Zitat von sysopThe euro is in trouble and only Germany can fix it. That appears to be the general consensus as Chancellor Merkel attends this week's G-20 summit in Mexico. So far, she has stubbornly opposed most crisis solution proposals coming from Brussels. But the risks are now so great that she may soon have to backpedal. By SPIEGEL Staff,1518,839481,00.html
Germany is not the answer, except to insist that other European countries, include France, submit plans to put their own houses in order. Only then, can a central bank Euro (like the U.S. federal reserve) be created. Here's the simple of it: in the U.S. when a company or concern (or country) is insolvent and not able to pay its bills on time, it may file in court for a "Chapter 11 Re-organization". When it does so, the debtor, working with a creditors' committee, must submit a "plan" of reorganization. The plan always involves an arbitrary reduction of debts due creditors, plus reforms in the business such as cutting labour costs, and getting rid of non-productive operations. By doing this, the debtor shows the creditors (and court) that once re-organized it may resume business, earn a profit, keep employees, and pay its debts. The European countries do not yet want to submit such plans because they are timid and afraid to deal with local political considerations, including labor unions, people on pensions etc. Germany is on the right track: once France, Spain, Italy and Greece produce viable plans to reorganize so that they may pay their way and not live off borrowed money, Germany will join them and the Euro may be saved. Absent such bona-fide plans, the Euro is broke and Germany needs a new Deutschmark.
Eleos 06/19/2012
5. Differences should not be denied
Markets have been trying hard to force a German capitulation, and still believe it is only a matter of time. Any weakening of resolve will encourage more of the reckless speculation by hedge funds that is one of the major causes of the crisis. The losses in euros which will accumulate if Germany leaves the Eurozone must be balanced with the increase in the value of assets in devalued euros. If Germany were to leave with Austria, Finland, Holland, and one or two of the formerly communist states it would give the block more bargaining power in the difficult negotiations to follow. Many nations have taken advantage of undeservedly low interest rates over the last few decades to borrow beyond their means. The prudent solution is a temporary reduction in living standards so that more resources can be devoted to repayment of these debts. It is no coincidence that most of these countries are steeped in corruption and will continue to vote for politicians they hope will be able to blackmail or coerce the prudent nations of northern Europe to share their debts. They are reluctant to vote in politicians who promise a reduction in living standards, so the present course is not going to work. The solution is the one that has been tried and tested many times: let inflation reduce the real value of the accumulated debts. This will be possible when the Eurozone is restricted to those countries who all share the same problem of unsustainable debts. The new ECB will immediately increase the money supply, the markets will price their obligations, and all will be rosy again in a couple of years.

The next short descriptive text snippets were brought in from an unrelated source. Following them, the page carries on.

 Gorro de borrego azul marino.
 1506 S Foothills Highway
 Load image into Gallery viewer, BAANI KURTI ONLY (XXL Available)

The lesson must be that contrary to what has been indoctrinated in the post war period, namely that the peoples of all nations are the same and to say otherwise is racism, is plainly false. It is true that an exaggerated sense of nationalism was one of the factors leading to the disastrous wars of the last century, but denying something as evidently true as the inherent differences in qualities and talents of peoples as a result of inheritance so as to avoid some of its extreme consequences, is stupid.